83. Aproximando-se a data designada para a abertura de propostas em carta fechada e uma vez que os requerimentos apresentados para suspender a venda haviam sido indeferidos, a R. Closa Faespa deduziu incidente de prestação de caução, para que fosse dada sem efeito a venda e a diligência de abertura de propostas.
84. E mesmo antes de ser proferida decisão nesse incidente, juntou aos autos comprovativo do depósito autónomo da quantia de € 127353,26.
85. Nesse ato, foi a R. Closa Faespa representada pelos mesmos mandatários dos 1.°s RR.
86. Os AA. deduziram oposição a esse incidente, alegando nomeadamente a inidoneidade do valor oferecido, tendo sido proferida sentença a julgar idónea a caução oferecida e prestada, e determinada a suspensão da execução.
87. A R. Closa Faespa requereu o levantamento da caução, mas foi proferido despacho, em 13.10.2016, a determinar que se aguardasse pela decisão definitiva do incidente de oposição à penhora.

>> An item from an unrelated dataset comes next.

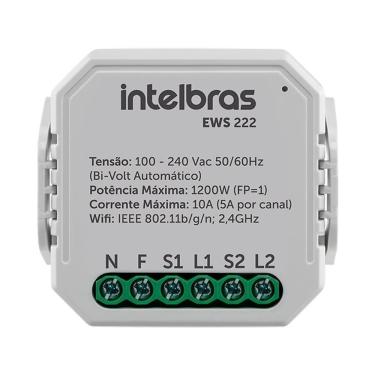 Imagem de Interruptor Inteligente Wi-Fi EWS 222 com Controle Remoto de Iluminação e Automação de...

88. Em face da decisão de oposição à penhora, a R. Closa Faespa requereu que lhe fosse entregue a quantia de € 97572,83, correspondente à parte da caução que excede a sua responsabilidade liquidada nesse incidente (€ 29780,43).

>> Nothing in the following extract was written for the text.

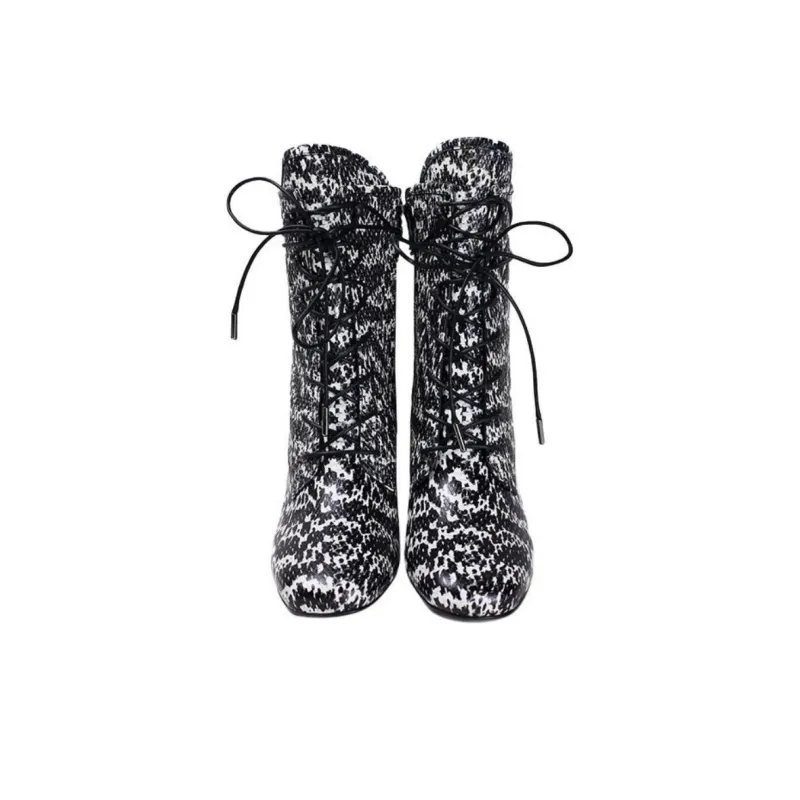 LONGCHAMP Ankle Boots Women's Black White-4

89. E apresentou na mesma data, requerimento na ação executiva, a requerer que o valor de € 29780,43 fosse “convertido em pagamento definitivo aos exequentes” e ordenado o cancelamento das penhoras.
90. O dinheiro arrestado e depositado pertence aos 1.º s RR., que utilizaram a R. Closa Faespa para prestar caução e evitar a venda dos imóveis.
91. Os 1.º s RR. esvaziaram todas as contas bancárias de que já foram titulares em Portugal e colocaram todo o seu dinheiro em instituições bancárias espanholas.
92. A R. Closa Faespa não tinha disponibilidade financeira para prestar a referida caução, não lhe sendo conhecida atividade que possa gerar lucros.
93. Numa fase inicial do processo executivo, foram os 1.º s RR. que ofereceram a prestação de caução a fim de obter a suspensão da execução.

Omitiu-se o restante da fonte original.